*Exercise goal:* A verbatim copy is needed of the lines below from the one containing "Top view portrait" up to and including the one containing "12+ Pcs Bonsai", excluding pictures.

*Data section:*

——————————

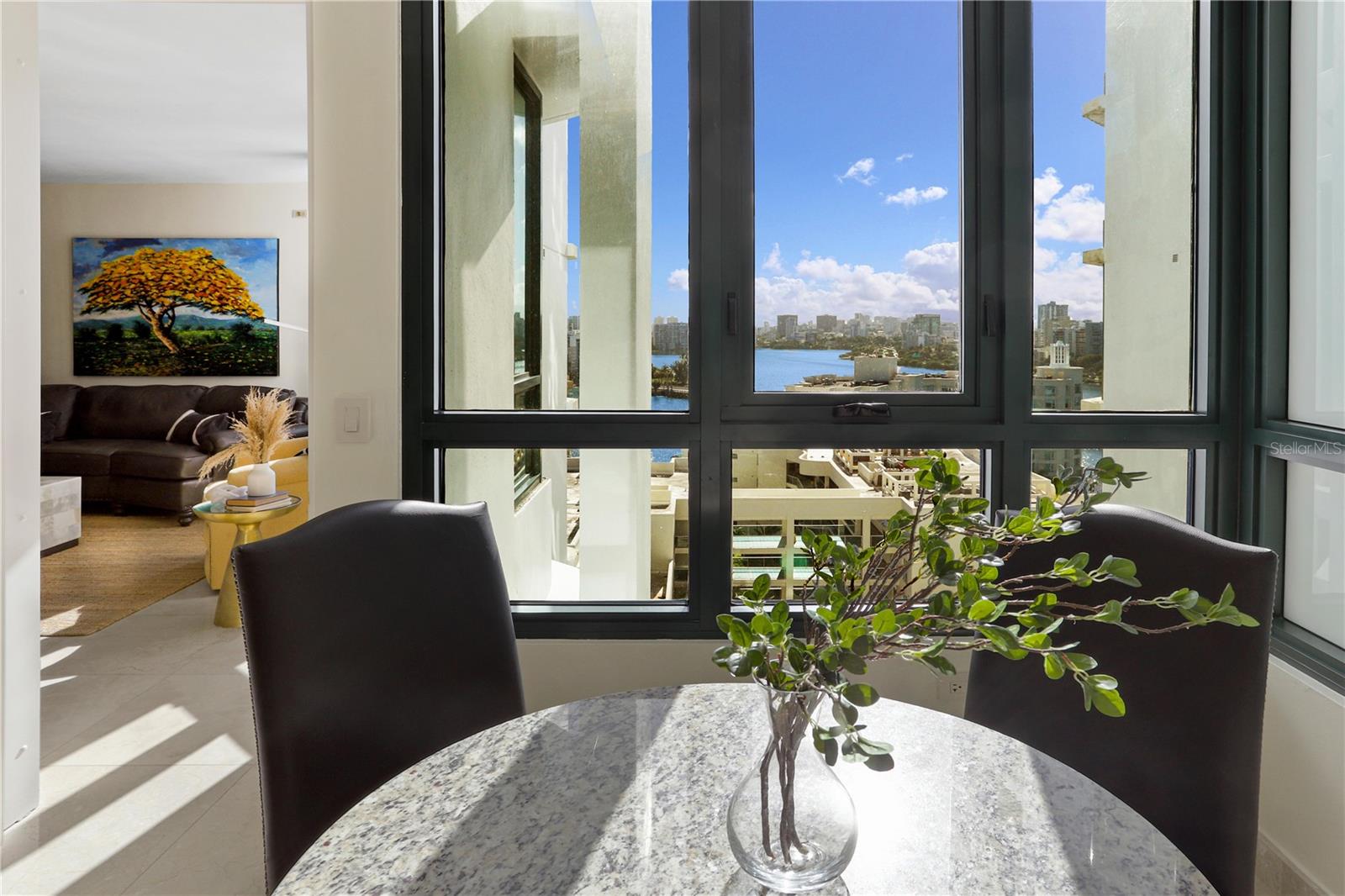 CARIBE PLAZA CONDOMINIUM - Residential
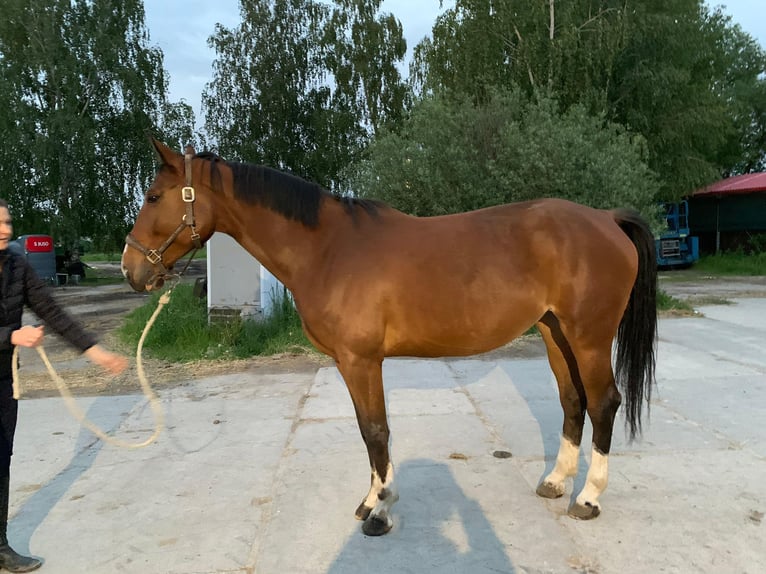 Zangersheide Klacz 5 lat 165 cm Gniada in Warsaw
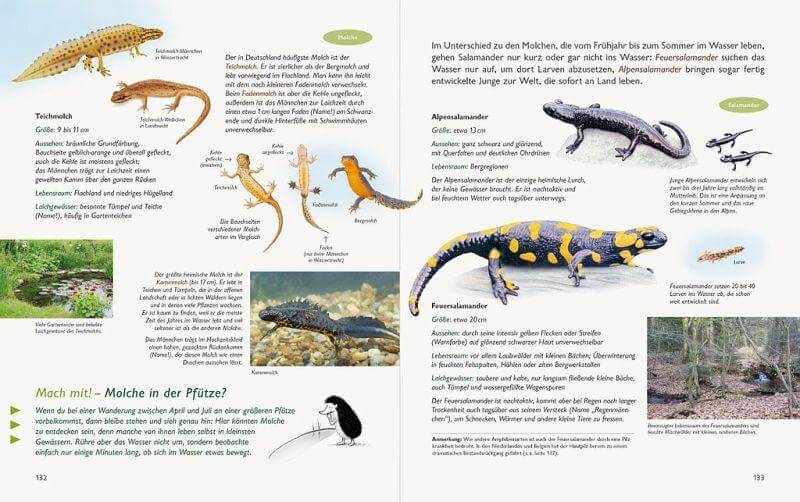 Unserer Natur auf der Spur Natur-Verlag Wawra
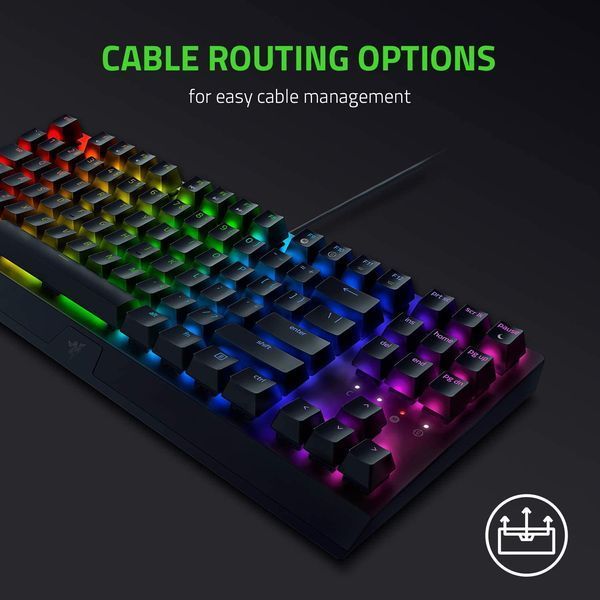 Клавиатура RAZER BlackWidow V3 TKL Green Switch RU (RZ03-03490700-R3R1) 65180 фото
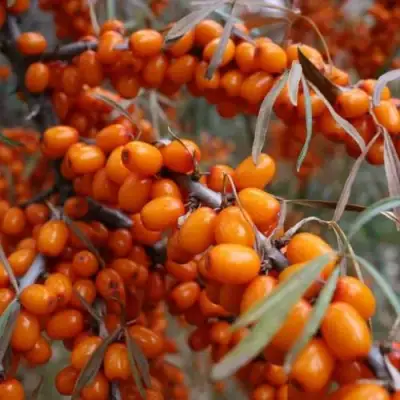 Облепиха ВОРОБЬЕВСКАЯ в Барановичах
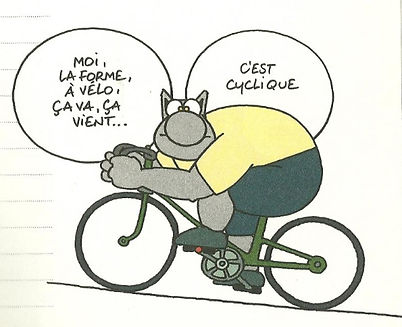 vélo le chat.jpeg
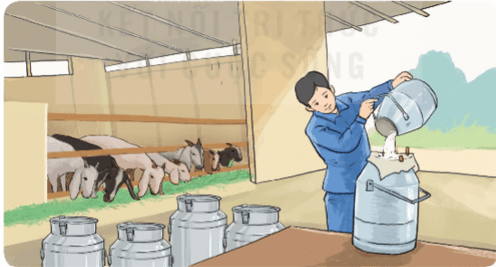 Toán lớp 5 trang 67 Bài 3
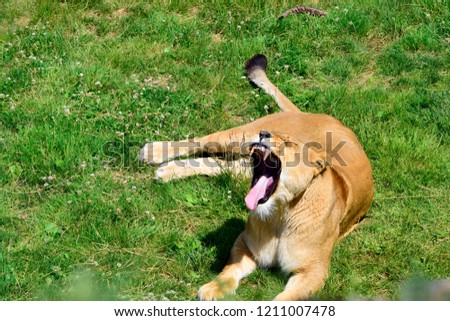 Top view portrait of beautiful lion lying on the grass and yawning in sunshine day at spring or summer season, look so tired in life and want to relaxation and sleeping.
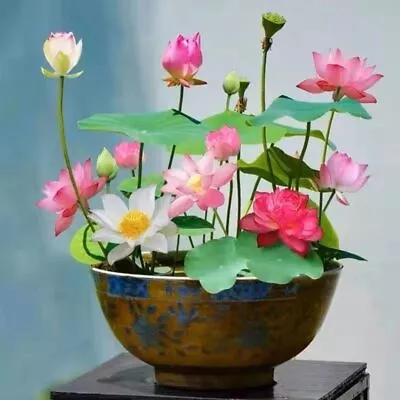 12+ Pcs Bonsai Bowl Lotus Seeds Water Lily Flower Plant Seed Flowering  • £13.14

——————————

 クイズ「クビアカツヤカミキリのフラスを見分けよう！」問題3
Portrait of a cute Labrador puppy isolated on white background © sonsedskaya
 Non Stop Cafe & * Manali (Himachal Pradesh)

——————————

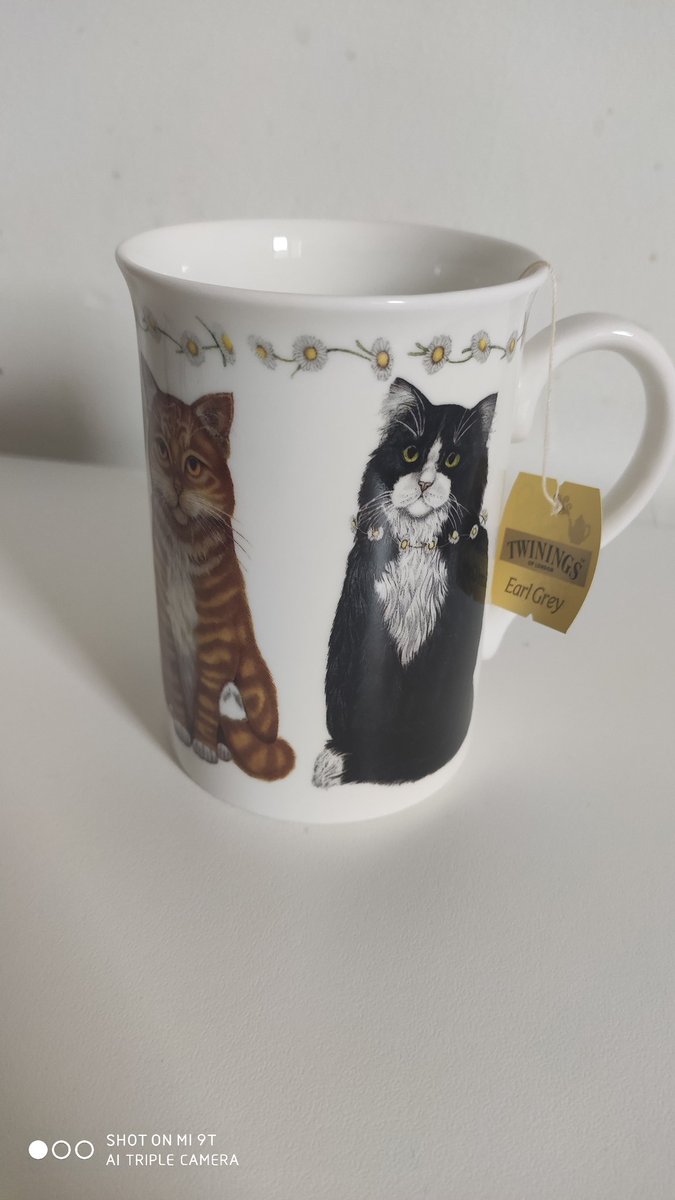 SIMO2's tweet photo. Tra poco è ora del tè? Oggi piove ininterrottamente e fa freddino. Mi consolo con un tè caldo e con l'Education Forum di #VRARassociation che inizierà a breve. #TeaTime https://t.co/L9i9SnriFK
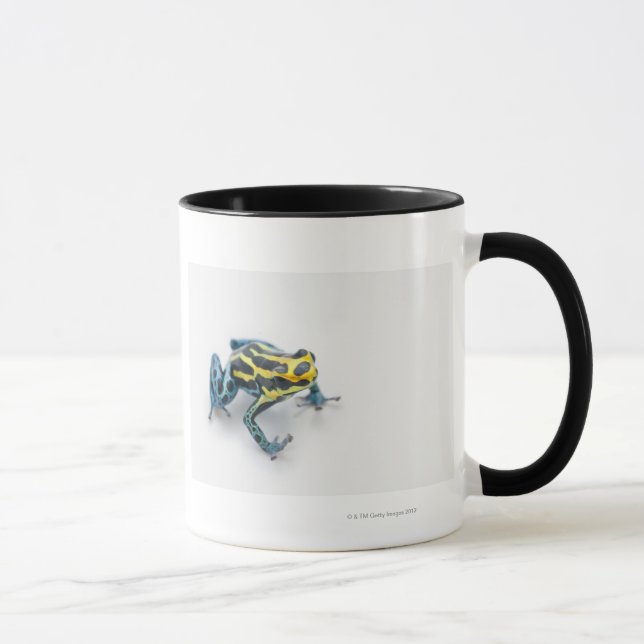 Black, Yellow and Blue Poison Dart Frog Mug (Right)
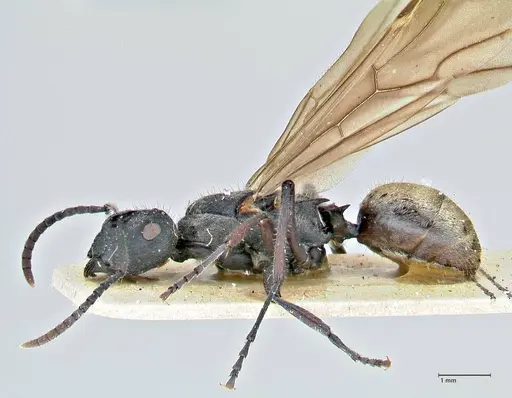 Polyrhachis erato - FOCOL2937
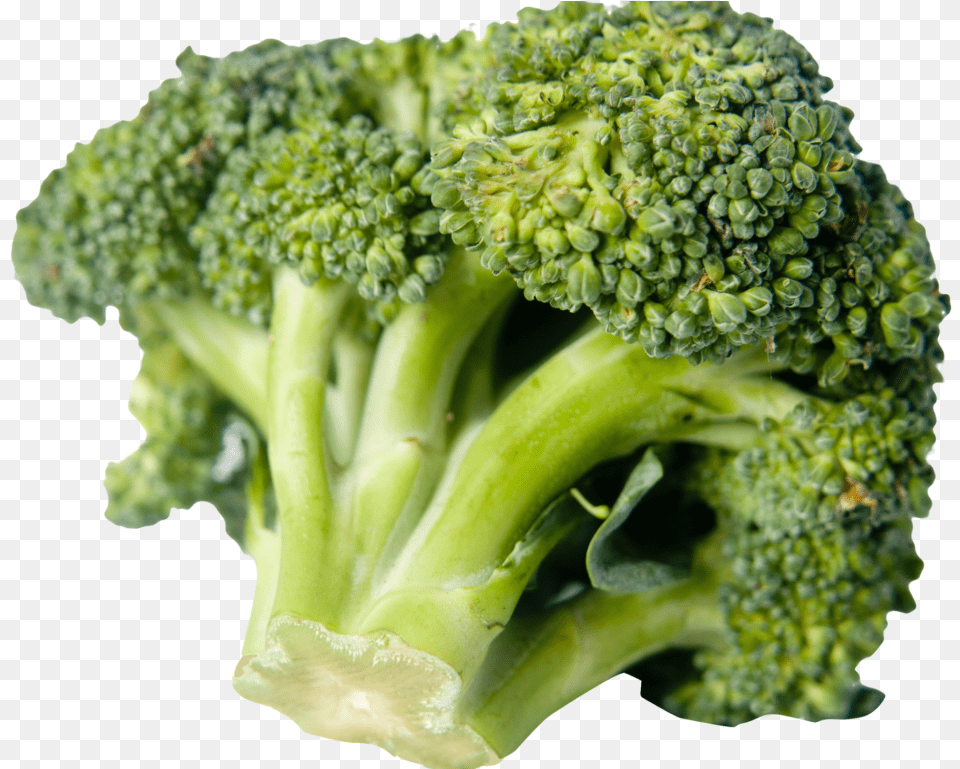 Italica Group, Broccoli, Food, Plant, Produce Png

——————————

*Solution to this problem:*
 Top view portrait of beautiful lion lying on the grass and yawning in sunshine day at spring or summer season, look so tired in life and want to relaxation and sleeping.
 12+ Pcs Bonsai Bowl Lotus Seeds Water Lily Flower Plant Seed Flowering  • £13.14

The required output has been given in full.